• Directions for this task: Below this task are records; return each one exactly and omit its images.

• Input data:
++++++++
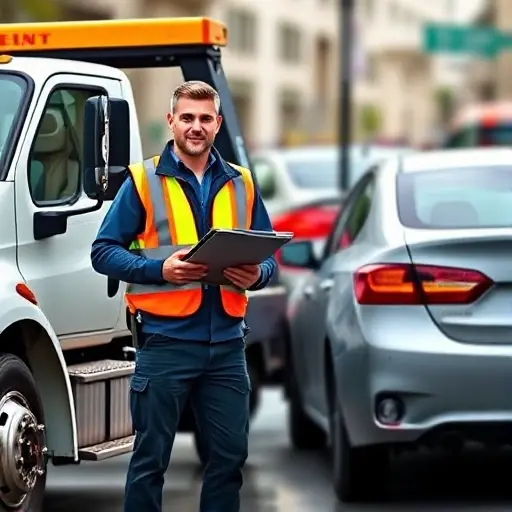 A tow truck driver in action, standing beside a tow truck with a car being towed, wearing a reflective vest and holding a clipboard, with a city street background, showing professionalism and readiness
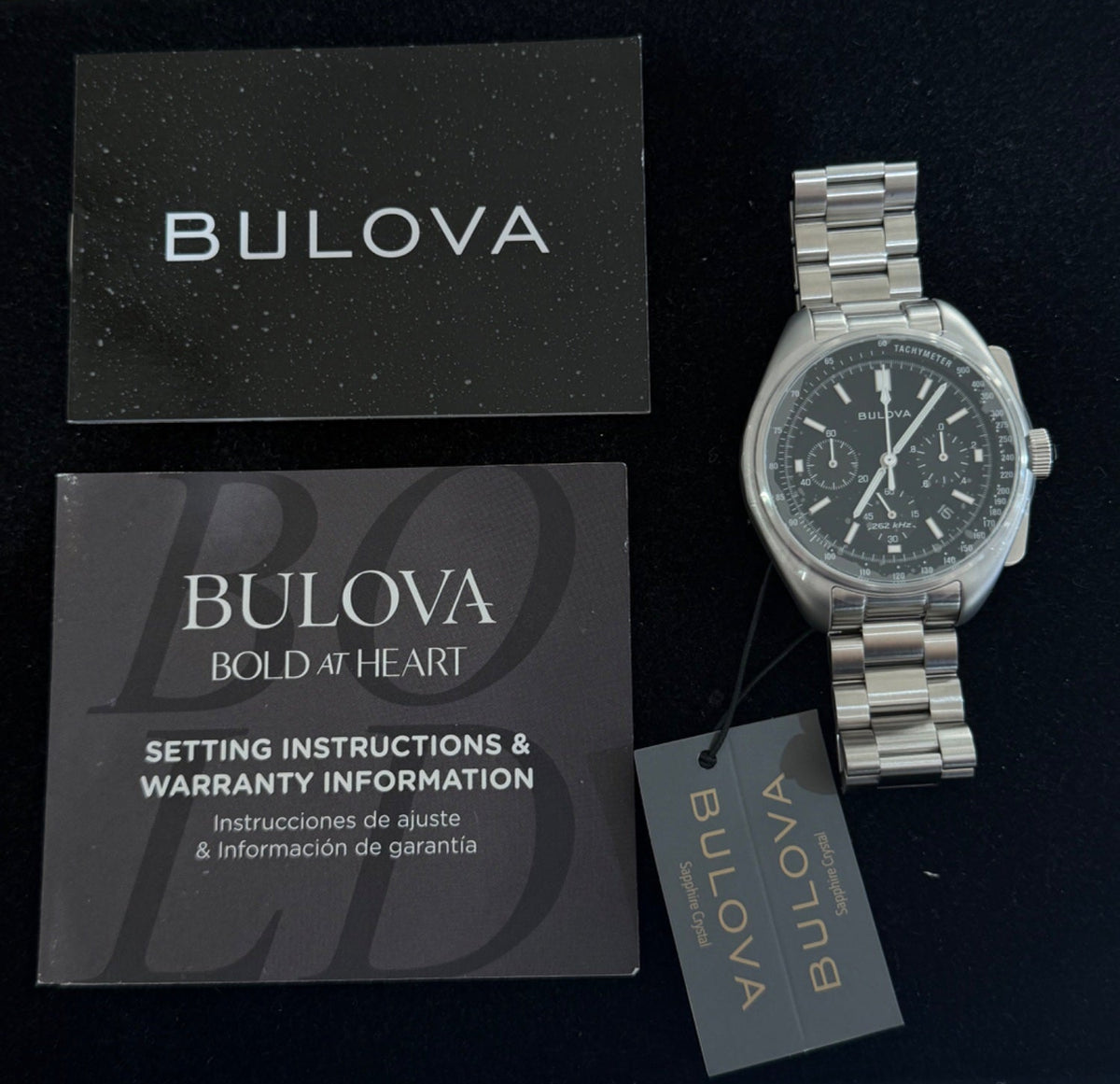 Bulova Lunar Pilot Chronograph 96B258 45mm Stainless Steel Watch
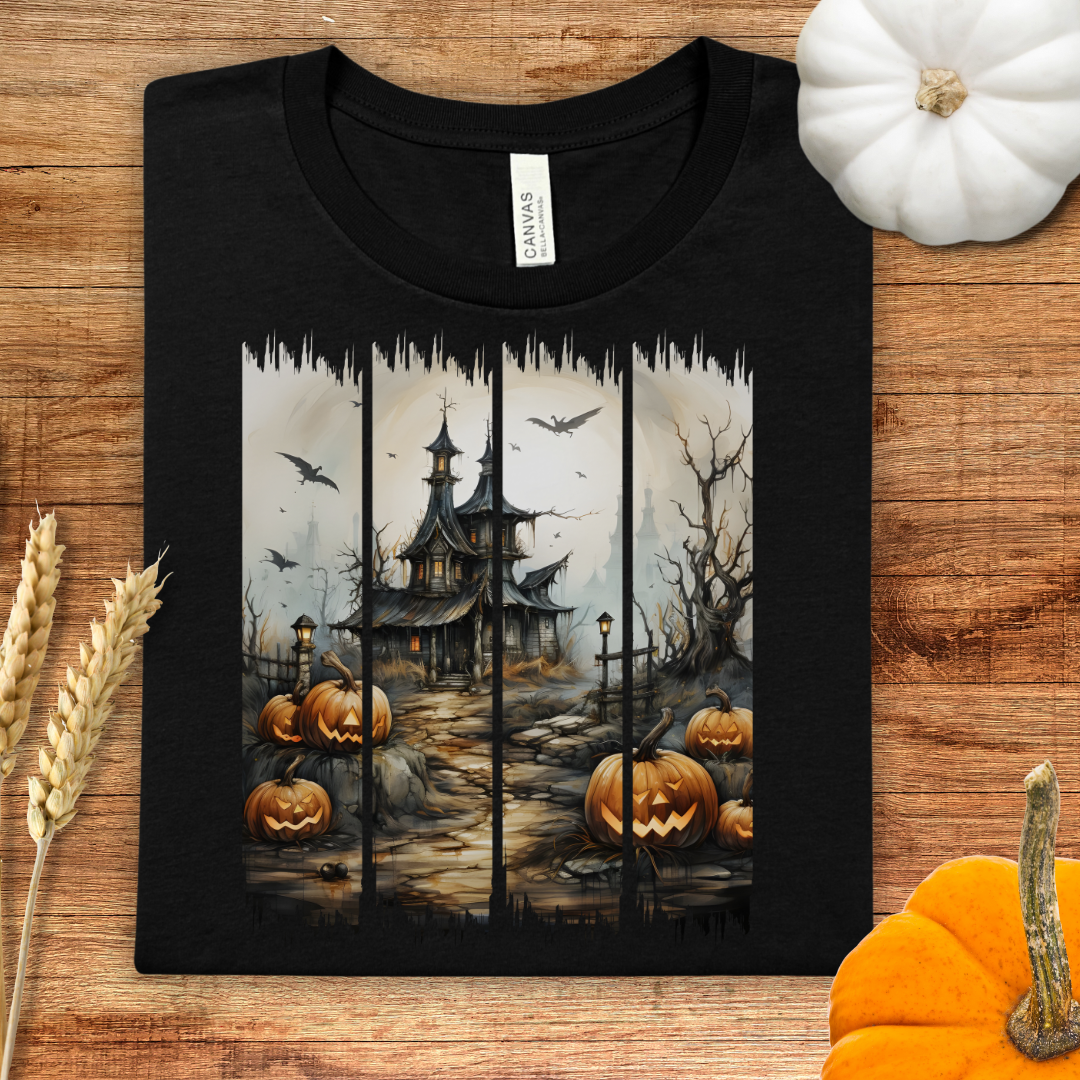 Haunted Castle Pumpkin Path Brush Stroke T-Shirt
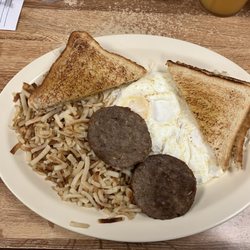 Red Wagon - Two Eggs, Sausage, Hash Browns and Toast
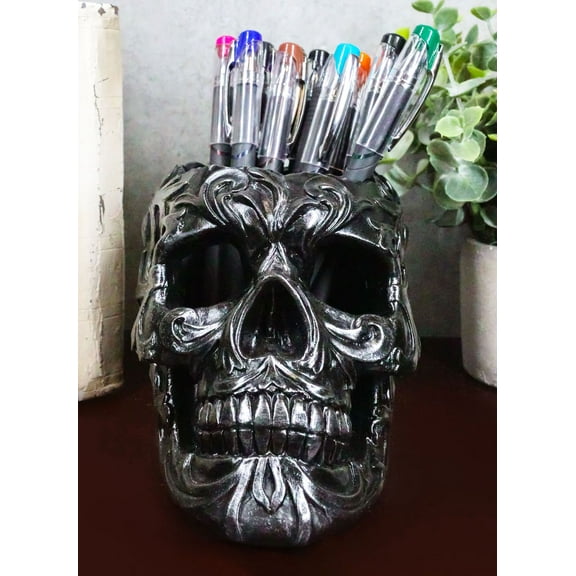 Ebros Gift Tribal Tattoo Floral Skull Pen Holder Figurine 5.75"L Office Decor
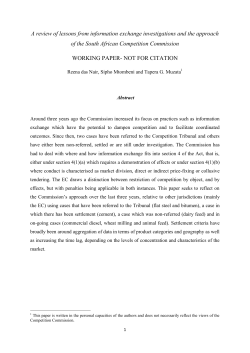 A review of lessons from information exchange investigations and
++++++++
• Finished exercise:
 A tow truck driver in action, standing beside a tow truck with a car being towed, wearing a reflective vest and holding a clipboard, with a city street background, showing professionalism and readiness
 Bulova Lunar Pilot Chronograph 96B258 45mm Stainless Steel Watch
 Haunted Castle Pumpkin Path Brush Stroke T-Shirt
 Red Wagon - Two Eggs, Sausage, Hash Browns and Toast
 Ebros Gift Tribal Tattoo Floral Skull Pen Holder Figurine 5.75"L Office Decor
 A review of lessons from information exchange investigations and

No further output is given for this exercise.